Before long, parents come in saying, ‘My daughter is obsessed with Poekies. She wants to be here every day.’ Why is that?
Due to our drop-in format, at any time there will be girls aged 6 to 12 with varying degrees of ability and experience, all sewing away at their particular skill levels, inspiring those who are new to keep on practicing their cutting, tracing and stitching abilities as they move up through the different levels of Poekies. Since there is no “class-time’ (“Now we all must do this or that”), girls hang out in groups, chatting and laughing, while they learn without the stress of needing to accomplish something within a certain time frame.

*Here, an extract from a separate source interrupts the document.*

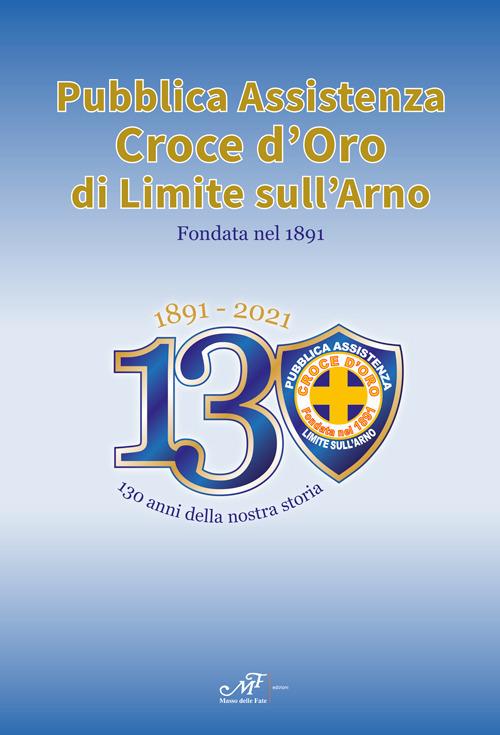 1891-2021. 130 anni della nostra storia. Pubblica Assistenza Croce d'Oro di Limite sull'Arno fondata nel 1891 - copertina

The true gratification comes when they bring their Poekies home and can play and sleep with them.
Playing with your Poekies
Everyone knows Poekies are super cute and super sweet and super innocent. There are no mean Poekies. They don’t like war or violence. They all love to swim and play and have parties. Through that innocent playfulness, Poekies help keep the natural innocence in our children alive and foster the imagination, which, as a former Waldorf teacher, I believe to be instrumental in raising happy, healthy human beings.
Why is learning to hand-sew Poekies beneficial in a child’s development?
Obviously, it improves manual dexterity and hand-eye coordination, but children also learn to think in three dimensions, as they see how a few two-dimensional pieces turn into a three-dimensional sculpture. Learning this in the world of real materials, helps them to better grasp the three dimensional world offered in the virtual reality of computers.
Many scientists are researching the effects of the arts and crafts on child development. They speculate that craft activities promote the development of neural pathways in the brain that help maintain cognitive health. Playing a musical instrument has already shown to be very beneficial. Cursive writing also has proven to connect synapses in the brain, crossing over from left to right brain, and that this is invaluable in many aspects later in life. A study done in 2011 shows that crafts like knitting diminishes the chance of developing mild cognitive impairment and memory loss in elderly people.
Even though the effects of hand-sewing has not yet been researched, my premise is that ANY artistic and craft activity that includes hand-and-eye work will improve the function of the brain.
So, while your child is having a lot of fun at the Poekie Nook, she is, unbeknownst to her, working hard on acquiring all kinds of skills that will benefit her for the rest of her life.